FIG. 1 is a general flow chart of the present invention;

FIG. 2 is a logical block diagram of an I/O sequential mismatch problem detection system constructed in accordance with the present invention;

Detailed Description

The present invention will be described below with reference to the accompanying drawings.

As shown in fig. 1, the present invention includes the steps of:

the variable analysis module uses ConfMapper algorithm (see "ConfMapper: automated Variable Finding for Configuration Items in Source Code (a method of automatically discovering initial variables of configuration items from software source code)" pages 3-7 published by Shulin Zhou in QRS 2016) to treat source code and configuration of the database management system to be testedAnalyzing the items, and positioning a configuration item variable set Conf, conf= { Conf corresponding to the configuration items in the source code of the detected database management system ₁ ，...，conf _n ，...，conf _N N is the number of configuration item variables in Conf, N is more than or equal to 1 and less than or equal to N, conf _n And (5) sending the Conf to a stain analysis module for the nth configuration item variable in the Conf.

MM' =10 at this time.

3.3.5 checking if the code segment in F invokes either System invocation in the read series S1 and write series S2 in step 3.2, if so, specifying the configuration item variable conf _n I/O related system calls are contaminated during reading and use by the database management system, and if there are no calls, the allocation is indicatedTerm variable conf _n No I/O related system call is contaminated during reading and use by the database management system, and the configuration item is excluded from Conf by:

3.3.5.1 let h=1;

3.3.5.3 if H < H, let h=h+1, turn 3.3.5.2; otherwise, 3.3.5.5 is reached.

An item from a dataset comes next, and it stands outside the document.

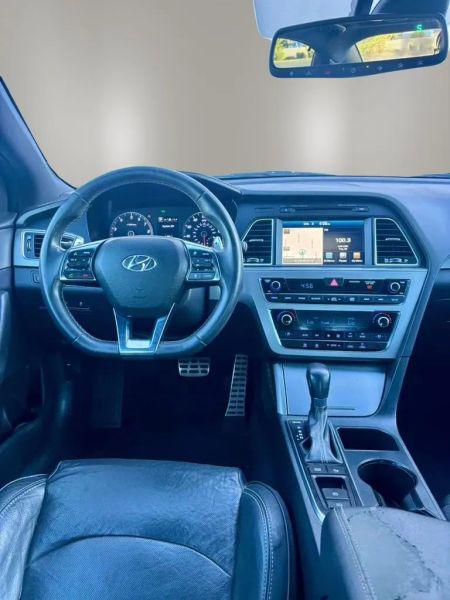 2015 Hyundai Sonata Limited 2.0T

3.3.5.4 adding Conf to the set Conf _n 。

4.2.1 initializing variable z=1;

4.2.5 if conf _z For string type (string), let(according to He Haochen, "Tuning backfirednot (always) you fault: understanding and detecting configuration-related performer", published in ESEC/FSE 2019The conclusion of the management bug (which is the best for the configuration adjustment _z Put in V to transfer 4.2.7;

4.2.7 if z=n', turn 4.3; otherwise, let z=z+1, turn 4.2.2;

4.4 test case Generation Module test commands are generated using a Performance test tool (e.g., sysbench (version 1.0.14) or apache-benchmark (version 2.4)). The method comprises the following steps: the parameters of the performance test tool are sampled by adopting a classical Pair-wise method (the Pair-wise Testing is a combinatorial method of software testing that, for each Pair of input parameters to a system, tests all possible discrete combinations of those parameters method is a combination method in the field of software testing, the method aims at each Pair of input parameters of a system, all possible discrete combinations of the parameters are tested, - - - - - - - - - - - - - - - - - - - - - - - - - - - - - - - - - - - - - - - - - - - - - - - - - - (35 (r) 35 (r) and is a high-efficiency test specialty) and then the parameter values (such as concurrency, load type, data table size, data table number, read operation proportion and write operation proportion) of the performance test tool obtained by sampling are input into the performance test tool, and test commands are output to obtain a test command set B = { B) ₁ ，b ₂ ，b ₃ ，...，b _y ，...，b _Y Y is greater than or equal to 1 and less than or equal to Y, Y is the test in BNumber of commands, b _y The y test command in B;

4.6 the test case generating module generates a configuration item combination set C. C= { C ₁ ，...，c _l ，...，c _L }, wherein c _l Is a set of configuration item combinations generated by the test case generation module, wherein->Is a set v ₁ Any element in the steel is 1-K ₁ ；/>Is a set v _z Any element in the steel, lz is more than or equal to 1 and less than or equal to K _z ；…；/>Is a set v _N′ L is a positive integer, and represents the total number of different configuration item combinations obtained by arranging and combining each configuration item under the condition that each configuration item can freely take a value from a value set to be measured.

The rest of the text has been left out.